Exercise directions: Of all the lines below, return only those starting with the line holding "Like New Lululemon" and going on through the line holding "The Mathis House", exactly as written.

Material provided:
◇ ◇ ◇ ◇ ◇

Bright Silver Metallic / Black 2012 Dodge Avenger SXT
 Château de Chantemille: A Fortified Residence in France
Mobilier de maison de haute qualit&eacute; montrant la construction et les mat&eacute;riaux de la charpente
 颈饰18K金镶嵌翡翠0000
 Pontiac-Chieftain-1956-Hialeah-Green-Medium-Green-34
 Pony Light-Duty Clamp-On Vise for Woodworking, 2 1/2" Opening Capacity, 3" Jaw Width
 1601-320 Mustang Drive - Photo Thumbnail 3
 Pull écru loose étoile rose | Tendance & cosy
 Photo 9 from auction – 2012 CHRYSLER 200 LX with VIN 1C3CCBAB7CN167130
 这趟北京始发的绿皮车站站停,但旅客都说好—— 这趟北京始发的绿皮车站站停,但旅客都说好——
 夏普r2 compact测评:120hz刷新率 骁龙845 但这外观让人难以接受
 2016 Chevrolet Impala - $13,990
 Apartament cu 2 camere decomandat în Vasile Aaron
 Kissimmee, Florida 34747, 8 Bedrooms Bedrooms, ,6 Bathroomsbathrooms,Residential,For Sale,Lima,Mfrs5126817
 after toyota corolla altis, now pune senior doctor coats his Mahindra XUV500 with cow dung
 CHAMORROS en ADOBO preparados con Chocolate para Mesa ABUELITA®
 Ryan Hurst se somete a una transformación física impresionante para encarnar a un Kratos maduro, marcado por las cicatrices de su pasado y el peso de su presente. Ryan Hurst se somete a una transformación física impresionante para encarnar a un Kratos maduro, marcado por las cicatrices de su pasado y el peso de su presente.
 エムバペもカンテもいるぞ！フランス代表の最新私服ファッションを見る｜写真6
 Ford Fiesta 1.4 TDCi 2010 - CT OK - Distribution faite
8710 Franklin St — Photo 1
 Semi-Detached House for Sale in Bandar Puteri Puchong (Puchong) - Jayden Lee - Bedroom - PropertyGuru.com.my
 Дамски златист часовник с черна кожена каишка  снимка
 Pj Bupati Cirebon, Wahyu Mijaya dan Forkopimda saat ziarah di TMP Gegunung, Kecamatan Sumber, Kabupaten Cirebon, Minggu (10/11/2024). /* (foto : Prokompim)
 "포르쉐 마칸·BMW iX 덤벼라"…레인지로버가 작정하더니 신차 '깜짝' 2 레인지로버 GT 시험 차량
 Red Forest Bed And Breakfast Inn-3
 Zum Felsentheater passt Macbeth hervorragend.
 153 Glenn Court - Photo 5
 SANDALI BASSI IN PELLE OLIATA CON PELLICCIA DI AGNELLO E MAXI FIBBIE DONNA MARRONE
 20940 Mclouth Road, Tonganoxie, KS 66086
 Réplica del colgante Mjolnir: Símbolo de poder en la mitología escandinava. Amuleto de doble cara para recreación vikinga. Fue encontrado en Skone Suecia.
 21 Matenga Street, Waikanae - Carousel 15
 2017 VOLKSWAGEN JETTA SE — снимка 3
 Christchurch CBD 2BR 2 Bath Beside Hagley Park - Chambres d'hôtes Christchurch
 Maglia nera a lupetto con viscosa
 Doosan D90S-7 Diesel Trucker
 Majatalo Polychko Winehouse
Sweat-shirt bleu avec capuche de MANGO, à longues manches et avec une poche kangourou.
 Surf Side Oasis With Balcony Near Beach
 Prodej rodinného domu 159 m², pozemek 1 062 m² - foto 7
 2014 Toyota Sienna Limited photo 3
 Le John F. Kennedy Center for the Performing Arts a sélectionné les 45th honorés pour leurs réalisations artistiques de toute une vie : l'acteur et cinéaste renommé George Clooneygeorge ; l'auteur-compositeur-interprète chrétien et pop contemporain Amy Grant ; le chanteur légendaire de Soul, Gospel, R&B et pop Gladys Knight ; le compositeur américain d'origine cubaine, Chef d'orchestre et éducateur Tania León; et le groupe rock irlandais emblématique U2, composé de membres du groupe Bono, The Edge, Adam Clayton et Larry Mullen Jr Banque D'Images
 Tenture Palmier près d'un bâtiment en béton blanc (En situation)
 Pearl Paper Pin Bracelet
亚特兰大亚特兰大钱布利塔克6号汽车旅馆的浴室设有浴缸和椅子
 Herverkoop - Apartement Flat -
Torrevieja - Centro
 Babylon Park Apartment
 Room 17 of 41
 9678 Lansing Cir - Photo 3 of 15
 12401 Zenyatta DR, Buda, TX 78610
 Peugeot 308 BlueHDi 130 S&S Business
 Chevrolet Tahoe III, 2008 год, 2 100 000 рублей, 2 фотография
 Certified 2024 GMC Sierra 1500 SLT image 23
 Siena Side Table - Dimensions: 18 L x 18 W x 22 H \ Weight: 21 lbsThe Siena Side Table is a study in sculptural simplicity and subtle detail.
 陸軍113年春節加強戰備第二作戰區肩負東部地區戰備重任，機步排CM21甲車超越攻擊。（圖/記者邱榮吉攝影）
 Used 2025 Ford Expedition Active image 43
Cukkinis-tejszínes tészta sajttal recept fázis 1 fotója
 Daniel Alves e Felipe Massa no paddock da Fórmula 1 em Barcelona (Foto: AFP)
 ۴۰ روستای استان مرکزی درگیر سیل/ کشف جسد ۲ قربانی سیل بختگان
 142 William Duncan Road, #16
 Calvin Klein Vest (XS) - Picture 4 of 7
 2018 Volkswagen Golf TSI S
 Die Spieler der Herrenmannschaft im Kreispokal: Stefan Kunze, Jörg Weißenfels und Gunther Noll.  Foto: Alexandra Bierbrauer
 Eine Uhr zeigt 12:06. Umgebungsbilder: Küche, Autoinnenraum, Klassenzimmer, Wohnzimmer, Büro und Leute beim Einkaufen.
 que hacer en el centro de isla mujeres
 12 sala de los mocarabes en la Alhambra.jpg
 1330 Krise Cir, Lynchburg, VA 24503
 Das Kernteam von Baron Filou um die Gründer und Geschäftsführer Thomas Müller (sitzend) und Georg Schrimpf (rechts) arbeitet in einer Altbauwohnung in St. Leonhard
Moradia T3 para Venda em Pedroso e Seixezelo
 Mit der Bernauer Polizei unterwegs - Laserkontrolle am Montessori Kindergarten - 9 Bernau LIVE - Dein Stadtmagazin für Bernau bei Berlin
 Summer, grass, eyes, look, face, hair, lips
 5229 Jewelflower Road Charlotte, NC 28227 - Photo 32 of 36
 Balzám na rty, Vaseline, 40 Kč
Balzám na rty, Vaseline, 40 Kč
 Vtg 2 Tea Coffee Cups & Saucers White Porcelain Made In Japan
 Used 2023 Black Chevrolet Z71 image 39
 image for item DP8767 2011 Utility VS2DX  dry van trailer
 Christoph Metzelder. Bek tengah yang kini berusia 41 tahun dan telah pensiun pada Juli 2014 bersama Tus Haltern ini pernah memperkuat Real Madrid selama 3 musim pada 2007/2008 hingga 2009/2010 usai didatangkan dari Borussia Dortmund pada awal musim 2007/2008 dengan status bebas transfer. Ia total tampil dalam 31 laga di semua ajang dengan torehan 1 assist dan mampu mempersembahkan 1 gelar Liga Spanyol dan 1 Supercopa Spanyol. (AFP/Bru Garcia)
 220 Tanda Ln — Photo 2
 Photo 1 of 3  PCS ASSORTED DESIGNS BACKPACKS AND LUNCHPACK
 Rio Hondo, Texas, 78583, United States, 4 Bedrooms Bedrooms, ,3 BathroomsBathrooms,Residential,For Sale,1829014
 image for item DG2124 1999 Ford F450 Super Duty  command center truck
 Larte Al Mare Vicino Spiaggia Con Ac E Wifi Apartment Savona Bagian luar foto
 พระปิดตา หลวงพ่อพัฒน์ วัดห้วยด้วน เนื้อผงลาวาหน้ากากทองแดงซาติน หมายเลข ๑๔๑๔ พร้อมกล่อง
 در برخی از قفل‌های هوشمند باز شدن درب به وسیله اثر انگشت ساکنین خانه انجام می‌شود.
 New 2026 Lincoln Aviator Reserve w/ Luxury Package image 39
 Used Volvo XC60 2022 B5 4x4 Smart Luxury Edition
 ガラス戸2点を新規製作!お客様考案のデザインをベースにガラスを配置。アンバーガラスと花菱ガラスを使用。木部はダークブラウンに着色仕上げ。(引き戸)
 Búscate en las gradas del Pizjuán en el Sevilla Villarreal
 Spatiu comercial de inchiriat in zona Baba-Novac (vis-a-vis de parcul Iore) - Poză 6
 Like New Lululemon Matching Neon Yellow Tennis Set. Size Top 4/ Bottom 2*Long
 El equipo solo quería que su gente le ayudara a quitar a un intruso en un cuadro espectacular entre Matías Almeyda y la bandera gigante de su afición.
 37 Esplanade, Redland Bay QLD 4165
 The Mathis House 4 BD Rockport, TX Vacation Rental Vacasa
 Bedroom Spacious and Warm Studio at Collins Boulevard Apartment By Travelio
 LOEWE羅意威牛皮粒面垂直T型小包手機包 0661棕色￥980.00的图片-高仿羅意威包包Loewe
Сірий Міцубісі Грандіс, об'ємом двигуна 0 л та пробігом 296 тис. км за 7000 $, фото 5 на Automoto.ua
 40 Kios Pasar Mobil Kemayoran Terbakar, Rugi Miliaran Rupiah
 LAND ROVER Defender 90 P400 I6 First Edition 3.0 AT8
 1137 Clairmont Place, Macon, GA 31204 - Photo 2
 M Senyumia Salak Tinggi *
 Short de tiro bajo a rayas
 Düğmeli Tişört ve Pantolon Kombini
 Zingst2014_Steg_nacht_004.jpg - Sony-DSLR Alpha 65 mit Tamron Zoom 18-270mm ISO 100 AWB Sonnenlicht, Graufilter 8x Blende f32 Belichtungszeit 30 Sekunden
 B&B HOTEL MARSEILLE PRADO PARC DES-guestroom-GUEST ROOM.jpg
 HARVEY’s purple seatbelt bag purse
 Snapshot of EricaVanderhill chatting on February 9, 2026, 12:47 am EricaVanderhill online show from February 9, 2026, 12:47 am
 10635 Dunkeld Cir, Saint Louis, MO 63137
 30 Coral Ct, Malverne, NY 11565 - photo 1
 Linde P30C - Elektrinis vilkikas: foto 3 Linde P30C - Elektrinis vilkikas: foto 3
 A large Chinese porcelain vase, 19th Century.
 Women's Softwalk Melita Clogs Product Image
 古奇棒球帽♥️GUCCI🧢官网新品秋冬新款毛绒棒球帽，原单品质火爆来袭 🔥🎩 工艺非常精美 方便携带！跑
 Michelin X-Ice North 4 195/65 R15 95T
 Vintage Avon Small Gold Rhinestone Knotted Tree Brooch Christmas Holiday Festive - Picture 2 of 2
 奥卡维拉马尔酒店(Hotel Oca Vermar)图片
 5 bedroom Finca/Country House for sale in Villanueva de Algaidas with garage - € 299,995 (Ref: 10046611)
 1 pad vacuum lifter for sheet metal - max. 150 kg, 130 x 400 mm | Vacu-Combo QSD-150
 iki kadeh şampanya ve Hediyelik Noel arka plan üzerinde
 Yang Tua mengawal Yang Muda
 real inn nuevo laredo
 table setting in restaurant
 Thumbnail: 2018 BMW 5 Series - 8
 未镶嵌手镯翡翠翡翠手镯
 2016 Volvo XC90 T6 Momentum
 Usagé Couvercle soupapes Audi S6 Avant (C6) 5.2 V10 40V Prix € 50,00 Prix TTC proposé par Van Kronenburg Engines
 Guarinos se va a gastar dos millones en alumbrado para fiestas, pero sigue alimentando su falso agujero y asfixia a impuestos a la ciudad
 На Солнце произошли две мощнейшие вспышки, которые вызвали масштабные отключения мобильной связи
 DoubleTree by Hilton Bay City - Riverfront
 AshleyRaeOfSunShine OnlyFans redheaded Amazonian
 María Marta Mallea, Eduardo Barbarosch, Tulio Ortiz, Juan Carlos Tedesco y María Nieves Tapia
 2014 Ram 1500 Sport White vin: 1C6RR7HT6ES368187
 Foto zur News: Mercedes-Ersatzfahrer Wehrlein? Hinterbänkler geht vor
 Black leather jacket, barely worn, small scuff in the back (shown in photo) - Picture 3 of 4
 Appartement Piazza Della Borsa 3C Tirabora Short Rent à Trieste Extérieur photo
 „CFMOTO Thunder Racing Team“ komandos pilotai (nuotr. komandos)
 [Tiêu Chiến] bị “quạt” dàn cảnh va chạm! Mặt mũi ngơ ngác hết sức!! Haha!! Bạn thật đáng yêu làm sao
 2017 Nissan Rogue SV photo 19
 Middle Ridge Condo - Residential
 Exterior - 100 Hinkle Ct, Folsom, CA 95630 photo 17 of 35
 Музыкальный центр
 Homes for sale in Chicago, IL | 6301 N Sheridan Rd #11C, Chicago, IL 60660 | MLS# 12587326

◇ ◇ ◇ ◇ ◇

Answer box:
 Like New Lululemon Matching Neon Yellow Tennis Set. Size Top 4/ Bottom 2*Long
 El equipo solo quería que su gente le ayudara a quitar a un intruso en un cuadro espectacular entre Matías Almeyda y la bandera gigante de su afición.
 37 Esplanade, Redland Bay QLD 4165
 The Mathis House 4 BD Rockport, TX Vacation Rental Vacasa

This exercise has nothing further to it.